9 Fixed Effects

PDF version

library(plm) # estimating panel models
library(lmtest) # regression inference
library(stargazer) # regression outputs

9.1 Time-constant Variables

Panel data allows us to control for variables that are constant over time, even if these variables are not directly observable.

Consider a basic panel regression model: Y_{it} = \beta_1 + \beta_2 X_{it} + \beta_3 Z_i + u_{it}. \tag{9.1} Here, Z_i represents a variable that does not change over time and is specific to an individual (e.g., gender, ethnicity, parental education).

For simplicity, assume here that observations are only available for two time periods (t=1 and t=2). We can focus on the changes between these periods.

Subtracting the right-hand side of Equation 9.1 at t=1 from t=2 gives \begin{align*} &\beta_1 + \beta_2 X_{i2} + \beta_3 Z_i + u_{i2} - (\beta_1 + \beta_2 X_{i1} + \beta_3 Z_i + u_{i1}) \\ &= \beta_2 \Delta X_{i2} + \Delta u_{i2}. \end{align*} The symbol \Delta represents first-differencing, i.e. \Delta X_{i2} = X_{i2} - X_{i1} and \Delta u_{i2} = u_{i2} - u_{i1}.

By first-differencing both sides of Equation 9.1, our model becomes \Delta Y_{i2} = \beta_2 \Delta X_{i2} + \Delta u_{i2}. \tag{9.2} \beta_1 and \beta_3 Z_i do not appear in the transformed model Equation 9.2 because they are time-constant and cancel out.

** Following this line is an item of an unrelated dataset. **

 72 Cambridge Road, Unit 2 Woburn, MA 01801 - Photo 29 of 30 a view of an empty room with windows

In this differenced model, \beta_2 can be estimated by regressing \Delta Y_{i2} on \Delta X_{i2} without an intercept. This regression isolates the marginal effect of X_{it} on Y_{it} conditional on any unobserved individual characteristics like Z_i. \beta_2 is the marginal effect of X_{it} on Y_{it} given the same individual-specific time-constant characteristics.

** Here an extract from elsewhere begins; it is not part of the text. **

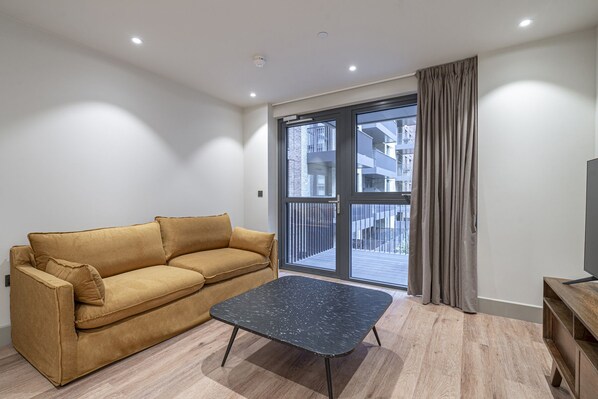 A modern living room with a sofa, a coffee table, and a large sliding glass door leading to a balcony.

We can control for any time-constant variable without actually observing it. This is a remarkable advantage over conventional cross-sectional regression or pooled panel regression.

We may combine the terms \beta_1 and \beta_3 Z_i and define the individual-specific effect \alpha_i = \beta_1 + \beta_3 Z_i. The term \alpha_i is also called individual fixed effect. The fixed effect cancels out after taking first differences.

9.2 Fixed Effects Regression

Consider a panel dataset with dependent variable Y_{it}, a vector of k independent variables \boldsymbol X_{it}, and an individual fixed effect \alpha_i for i=1, \ldots, n and t=1, \ldots, T.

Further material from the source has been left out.